If you want to know how to search on the internet for common vulnerabilities to exploit on widespread web platforms such as Wordpress, then you can contact this joker “hotturk@hotturk.com” - hah! That’s all this guy did.

This is a good lesson to anyone running any kind of web based software that is freely available and widely used to make sure you always update to the latest version as soon as it becomes available. I hadn’t upgraded this site’s Wordpress installation for quite some time. I was running Version 2.0 which clearly must have had some security holes, hence a High School kid has searched on how to exploit Wordpress v2.0 and got into this site by targeting it from a specially directed Google Search. I have now upgraded to the latest version and retrieved the post that was deleted. Ahh Google cache - Its like a free weekly backup.

I was lucky that this particular student only decided to erase my most recent article and change my admin password. I was able to get straight back into the database directly to reset the admin password and upgrade Wordpress - it could have been much more annoying if this guy had no fear. But when they have no fear like that, that’s when they get reported to the Federal Police and people start tracking their IP addresses down geographically. There is always a trail.

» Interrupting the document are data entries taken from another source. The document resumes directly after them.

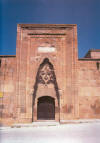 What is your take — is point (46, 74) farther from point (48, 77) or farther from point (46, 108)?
point (46, 108)

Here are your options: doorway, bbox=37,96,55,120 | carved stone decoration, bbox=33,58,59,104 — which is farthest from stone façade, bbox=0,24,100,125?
doorway, bbox=37,96,55,120

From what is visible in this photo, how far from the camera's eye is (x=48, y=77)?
10.8m

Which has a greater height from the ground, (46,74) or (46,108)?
(46,74)

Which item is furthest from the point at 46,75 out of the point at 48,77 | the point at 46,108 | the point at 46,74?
the point at 46,108

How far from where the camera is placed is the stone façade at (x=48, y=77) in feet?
33.2

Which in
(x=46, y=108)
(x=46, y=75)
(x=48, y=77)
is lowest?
(x=46, y=108)

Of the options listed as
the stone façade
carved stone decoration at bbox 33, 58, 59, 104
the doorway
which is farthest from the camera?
carved stone decoration at bbox 33, 58, 59, 104

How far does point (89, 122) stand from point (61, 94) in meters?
Result: 2.68

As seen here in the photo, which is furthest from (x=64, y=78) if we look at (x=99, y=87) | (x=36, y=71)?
(x=99, y=87)

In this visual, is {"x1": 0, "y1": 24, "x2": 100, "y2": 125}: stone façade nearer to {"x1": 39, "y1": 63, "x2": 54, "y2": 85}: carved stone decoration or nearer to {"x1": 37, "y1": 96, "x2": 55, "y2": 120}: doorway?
{"x1": 39, "y1": 63, "x2": 54, "y2": 85}: carved stone decoration

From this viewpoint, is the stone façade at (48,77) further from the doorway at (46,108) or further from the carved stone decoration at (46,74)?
the doorway at (46,108)

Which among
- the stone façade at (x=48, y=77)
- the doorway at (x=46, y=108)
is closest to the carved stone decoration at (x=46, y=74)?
the stone façade at (x=48, y=77)

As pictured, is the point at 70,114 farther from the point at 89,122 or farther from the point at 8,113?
the point at 8,113

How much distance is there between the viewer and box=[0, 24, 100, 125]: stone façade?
33.2ft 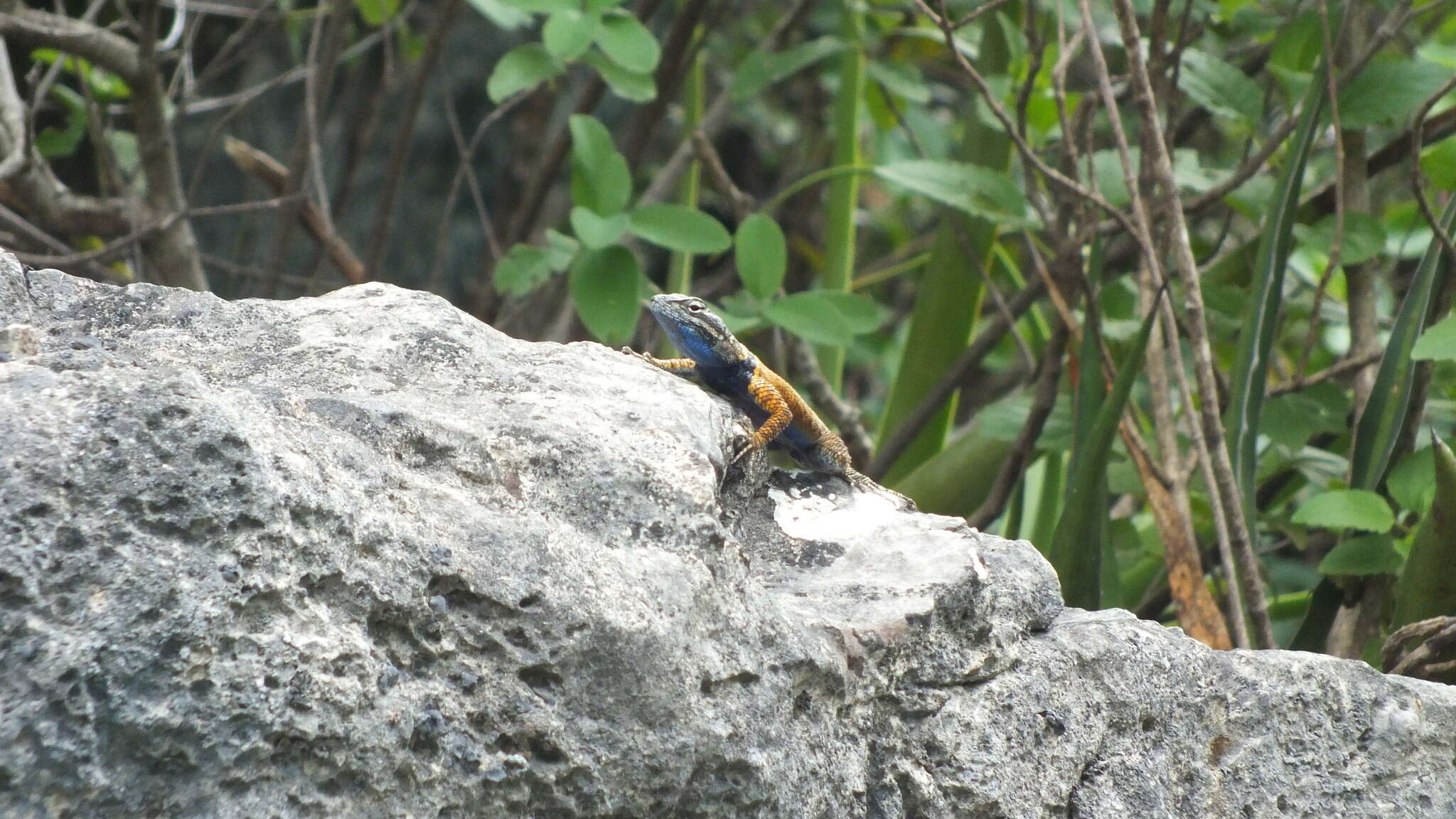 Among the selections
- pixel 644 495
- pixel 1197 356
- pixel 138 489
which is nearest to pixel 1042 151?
pixel 1197 356

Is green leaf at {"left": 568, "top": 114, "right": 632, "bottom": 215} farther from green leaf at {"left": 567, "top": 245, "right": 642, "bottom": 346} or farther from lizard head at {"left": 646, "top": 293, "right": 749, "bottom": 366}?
lizard head at {"left": 646, "top": 293, "right": 749, "bottom": 366}

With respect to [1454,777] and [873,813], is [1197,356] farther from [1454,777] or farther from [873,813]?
[873,813]

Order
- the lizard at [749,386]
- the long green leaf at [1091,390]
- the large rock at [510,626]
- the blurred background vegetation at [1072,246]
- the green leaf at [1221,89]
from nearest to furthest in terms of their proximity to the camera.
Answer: the large rock at [510,626] → the lizard at [749,386] → the blurred background vegetation at [1072,246] → the long green leaf at [1091,390] → the green leaf at [1221,89]

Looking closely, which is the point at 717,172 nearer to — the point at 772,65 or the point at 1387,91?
the point at 772,65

I have played around with a lot of ways to exploit web applications and its gobsmackingly scary just how many web sites have enormous gaping holes in them. There are so many extremely simple, common coding oversights which will make a site vulnerable. One time I was playing with a particular exploit which would sometimes let you gain access into other people’s login forms if they were coded in Classic ASP using SQL Server or MS Access as the database. I crafted up a couple of very basic searches in Google to return me a list of affected pages precisely named login.asp. Google brought me back pages of results and I actually went through about the first 8 pages of results trying each and every one of them. I managed to get into about 15 web sites out of 80 - certainly not a bad strike rate when a couple of the sites were fairly prominent Australian sites. A couple of them let me into full featured admin areas where I could add and create other administrator accounts and control the site content - when you are hacking login forms, many of the exploits will give you access to the main admin account of a system simply because more often than not this is the first row in the Users table of someone’s database. Of course I just logged in and logged straight out without touching anything, but either way it illuminated just how many web developers were completely unaware that they were pushing out terribly dangerous web site code on very important, prominent web sites.
And this was merely one particular type of vulnerability!

So many of the web 2.0 sites being rushed out in BETA versions are quite vulnerable at launch time as most of them place a huge emphasis on gaining users quickly as opposed to releasing a perfectly polished product that took an additional 3-6 months to build. That said, I still hands-down agree with the launch fast approach. Noone wants to hack a site that has no users or “weight”. Users are everything, you need as many of them as soon as you can and you can tighten up the cracks later on quietly in the background. If you have developed the site yourself from scratch, then your chances of being targeted are much much lower because noone can easily identify your platform or any commonly documented weaknesses unless they start going over it with a toothpick.

Thumbs up for ajaxload

Saturday, October 14th, 2006

You know that something is spreading or that a new trend has arrived when you discover handy tools for generating commonly needed objects.

I found ajaxload out of the need to get my hands on some nifty ajax-style anim gifs. Check it out.

Well done to designer Kath who created this handy tool.